When downshifting, the transmission releases its gear and the clutch grabs the opposite input shaft. The transmission computer coordinates with the engine ECU for a throttle blip to bring the newly selected driveshaft up to speed, and then the shifting mechanism locks in the gear change.
The first wave of VW DSGs were wet-clutch, but within a generation, they moved to a simpler and more-reliable dry clutch. In exchange for a slight increase in weight (about 50 pounds), DSGs cut shift times by a factor of ten, from a human’s 500-millisecond shift to under 50 milliseconds for the DSG’s computer. It eliminated the chance of missing a gear and blowing up an engine as well, which is why dual-clutch gearboxes are a popular choice in race cars and expensive daily drivers.
R-Thirty-Twin-Clutches
To see how the DSG works in practice, I drove one of the first cars sold in America with the gearbox: a 2008 MK5 Golf R32. (Although the 2003 MK4 Golf R32 was the first production car with a DSG, that gearbox was an option solely in Germany; the MK5 was America’s first go at the new transmission.) I’ve driven a lot of old cars with automated manuals, and in-era reviews don’t lie: they’re awful.
But the Golf R32? Genuinely excellent.

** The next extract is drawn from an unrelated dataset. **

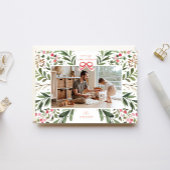 Watercolor Botanische Frame Plat Kerstkaart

It wasn’t quite as refined as a brand-new GTI or Golf R’s DSG, but it was close. Upshifts, especially under medium-to-heavy load, actually offered gear-grabbing violence that felt reminiscent of a manual; Downshifts came rapidly and incredibly smoothly, without upsetting the car’s balance mid-corner. In around-town, low-speed driving, when I let the transmission choose a gear for me, it felt remarkably like a traditional hydraulic automatic: smooth. Competence at every speed is how the R32 redefined hot hatch dynamics, and why a majority of Golf Rs sold today are equipped with the DSG, rather than a traditional six-speed.
Within a decade of the R32’s debut, the dual-clutch had been virtually perfected, and the manual transmission was on the ropes. Ferrari’s paddle-shifters went from a curiosity to mandatory equipment in just 15 years; Today, 60% of Porsche 911s are sold with dual-clutch gearboxes. The speed at which DSGs took over the sports-car world is stunning, considering how most automotive technologies take decades to perfect. Although there will always be a place for three pedals, make no mistake: the DSG has more than proven its performance superiority.